This patch makes the vector hold non-owning pointers, and avoids the
string dups, by doing one single string copy of the arguments upfront,
and replacing separators with NULL terminators in place, like we used
to.

With this, there's no need to remember to call free_vector_argv either.

gdb/ChangeLog:
yyyy-mm-dd  Pedro Alves  <palves@redhat.com>

	* fork-child.c (breakup_args): Make 'scratch' non-const.
	Replace separators with NULL terminators in place.  Change
	type of vector.  (fork_inferior): The argument vector now
	holds non-owning pointers.  Don't strdup strings into the
	vector.  Remove free_vector_argv call.
---
 gdb/fork-child.c | 278 ++++++++++++++++++++++++++++++++++---------------------
 1 file changed, 172 insertions(+), 106 deletions(-)
  

Comments

Sergio Durigan Junior April 13, 2017, 4:31 a.m. UTC | #1
On Wednesday, April 12 2017, Pedro Alves wrote:

> On 04/12/2017 11:26 PM, Sergio Durigan Junior wrote:
>> On Wednesday, April 12 2017, Pedro Alves wrote:
>> 
>>> On 04/12/2017 06:04 AM, Sergio Durigan Junior wrote:
>>>
>>>>>>>  static void
>>>>>>> -breakup_args (char *scratch, char **argv)
>>>>>>> +breakup_args (const std::string &scratch, std::vector<char *> &argv)
>>>>>>>  {
>>>>>>
>>>>>> ...
>>>>>>
>>>>>>> +
>>>>>>> +      std::string arg = scratch.substr (cur_pos, next_sep - cur_pos);
>>>>>>> +
>>>>>>
>>>>>> This creates a temporary string (heap allocates) ...
>>>>>>
>>>>>>> +      argv.push_back (xstrdup (arg.c_str ()));
>>>>>>
>>>>>> ... and here you create yet another copy.
>>>>>>
>>>>>> You should be able to avoid it by using e.g., savestring:
>>>>>>
>>>>>>     char *arg = savestring (scratch.c_str () + cur_pos, next_sep - cur_pos);
>>>>>>     argv.push_back (arg);
>>>>>
>>>>> Fair enough.  I had my mind on "C++-only mode" when writing this code.
>>>
>>> Yup, in C++, it's good to keep unnecessary temporaries
>>> and hidden heap allocations in mind.  Actually, now that I look a bit
>>> deeper, I think we can avoid a "premature pessimization" here, keeping
>>> the same level of clarity.
>>>
>>> I think it'd be good to push this patch below.  WDYT?
>> 
>> Hm, I don't know.  I mean, I understand where you're coming from and
>> what you're trying to achieve, but somehow I thought the old code
>> (especially the part that modified the argument string in place, using
>> \0's as separators) was somewhat hacky.  Even though the new code uses
>> more memory, it it also more readable, at least IMNSHO.  And also more
>> const-correct, since we can make breakup_args_for_exec receive a const
>> as the first argument.
>
> There's nothing wrong with writing to a string in place.  A std::string
> is just a _container_ of chars with convenience methods.  It's
> been designed to support embedded \0s.  And it's not a problem for a
> function to take a copy of a value if it needs to modify it!
> const-correct refers to when functions that _don't need to
> modify an argument nevertheless declare non-const reference/pointer.

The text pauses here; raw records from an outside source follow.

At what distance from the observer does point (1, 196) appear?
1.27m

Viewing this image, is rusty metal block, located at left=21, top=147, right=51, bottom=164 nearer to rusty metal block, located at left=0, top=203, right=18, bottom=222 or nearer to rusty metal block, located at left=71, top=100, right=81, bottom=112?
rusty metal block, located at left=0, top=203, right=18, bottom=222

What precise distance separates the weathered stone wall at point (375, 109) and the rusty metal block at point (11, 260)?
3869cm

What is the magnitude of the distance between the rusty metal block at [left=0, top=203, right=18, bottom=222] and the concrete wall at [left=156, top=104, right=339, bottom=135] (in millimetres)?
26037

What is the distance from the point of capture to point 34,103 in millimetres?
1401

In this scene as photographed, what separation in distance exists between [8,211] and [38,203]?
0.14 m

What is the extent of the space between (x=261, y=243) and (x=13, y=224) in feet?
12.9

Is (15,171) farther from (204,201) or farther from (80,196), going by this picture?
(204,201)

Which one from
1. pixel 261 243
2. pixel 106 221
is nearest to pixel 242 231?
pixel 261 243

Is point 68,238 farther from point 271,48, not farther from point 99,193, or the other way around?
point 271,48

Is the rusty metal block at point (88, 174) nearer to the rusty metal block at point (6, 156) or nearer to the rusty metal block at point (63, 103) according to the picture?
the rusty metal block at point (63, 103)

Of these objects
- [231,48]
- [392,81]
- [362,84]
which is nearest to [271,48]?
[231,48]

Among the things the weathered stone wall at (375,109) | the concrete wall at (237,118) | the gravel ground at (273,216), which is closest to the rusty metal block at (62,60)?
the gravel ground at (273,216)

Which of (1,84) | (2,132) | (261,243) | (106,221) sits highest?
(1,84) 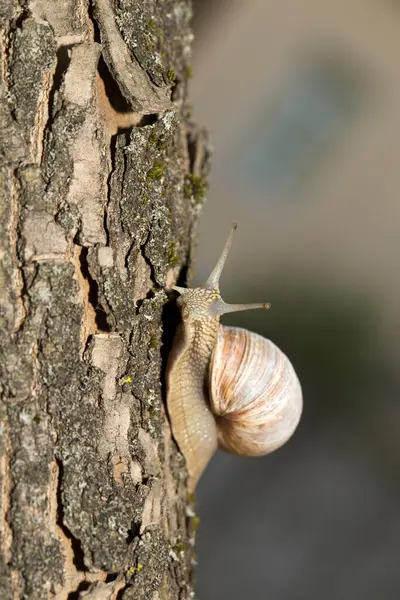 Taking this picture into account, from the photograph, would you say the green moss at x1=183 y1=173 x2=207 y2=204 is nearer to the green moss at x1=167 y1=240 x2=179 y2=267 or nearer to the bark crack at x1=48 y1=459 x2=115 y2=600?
the green moss at x1=167 y1=240 x2=179 y2=267

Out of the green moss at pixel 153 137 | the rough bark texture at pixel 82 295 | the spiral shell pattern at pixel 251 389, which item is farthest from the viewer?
the spiral shell pattern at pixel 251 389

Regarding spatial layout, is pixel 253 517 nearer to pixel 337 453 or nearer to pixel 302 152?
pixel 337 453

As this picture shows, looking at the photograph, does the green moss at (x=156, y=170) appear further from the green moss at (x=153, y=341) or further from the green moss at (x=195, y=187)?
the green moss at (x=153, y=341)

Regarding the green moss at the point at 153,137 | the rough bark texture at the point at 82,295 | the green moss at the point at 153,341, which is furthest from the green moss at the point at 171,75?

Sorry, maybe I should have made myself clearer.  I did not mean to say
that there was anything actually wrong with modifying a string in-place;
I just meant that it seems somewhat hacky and more error-prone to me
than separate the string into substrings.

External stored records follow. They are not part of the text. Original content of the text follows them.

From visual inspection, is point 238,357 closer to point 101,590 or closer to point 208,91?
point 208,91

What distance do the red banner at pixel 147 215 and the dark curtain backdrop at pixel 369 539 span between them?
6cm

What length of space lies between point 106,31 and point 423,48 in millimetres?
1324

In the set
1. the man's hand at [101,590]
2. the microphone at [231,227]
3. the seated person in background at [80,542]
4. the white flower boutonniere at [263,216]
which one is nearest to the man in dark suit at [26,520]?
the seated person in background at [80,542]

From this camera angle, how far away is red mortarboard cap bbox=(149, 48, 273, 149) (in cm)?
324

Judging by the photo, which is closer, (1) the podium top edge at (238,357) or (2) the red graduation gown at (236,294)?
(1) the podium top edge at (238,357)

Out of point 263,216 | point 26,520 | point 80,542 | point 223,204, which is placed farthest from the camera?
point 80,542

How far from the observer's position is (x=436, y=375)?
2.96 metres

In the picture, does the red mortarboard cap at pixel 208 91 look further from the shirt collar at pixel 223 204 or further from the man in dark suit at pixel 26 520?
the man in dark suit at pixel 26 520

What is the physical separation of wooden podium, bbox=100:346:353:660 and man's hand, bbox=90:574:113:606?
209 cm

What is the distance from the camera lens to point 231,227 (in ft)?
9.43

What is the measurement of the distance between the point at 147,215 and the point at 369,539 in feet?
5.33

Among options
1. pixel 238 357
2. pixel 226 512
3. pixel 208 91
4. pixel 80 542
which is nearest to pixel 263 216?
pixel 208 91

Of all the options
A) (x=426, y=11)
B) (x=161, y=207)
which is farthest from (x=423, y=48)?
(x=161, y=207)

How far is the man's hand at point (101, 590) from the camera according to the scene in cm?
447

I totally understand that a std::string is just a container, and that it
is OK to modify it if needed.  But we're not talking about a generic
string manipulation here; we're talking about inserting \0's on the
string in order to split it.  Anyway, I totally understand this is valid
code.

About the const-correctness comment: you're right, I should have said
that the original function is better IMHO because it doesn't modify its
arguments.

> Effectively you can't avoid _some_ creating _some_ new string(s). 
> But instead of taking one single copy (O(1)), the current code is making
> many (N) tiny copies.  Trips to the generic allocator / malloc should
> be one of the first things to avoid if easy to avoid, as a principle.

Yep, I am aware that the code is more efficient using less strings, but
I thought "OK, how many args will we be dealing with here, usually?",
and I decided that it wasn't worth.

> The patch I had posted is exactly equivalent to the one below, except
> the state/storage in this one is moved to a class.  Maybe you'd
> find this clearer?  (It'd need some cleaning up for comments
> further at least, but it's getting quite late here...)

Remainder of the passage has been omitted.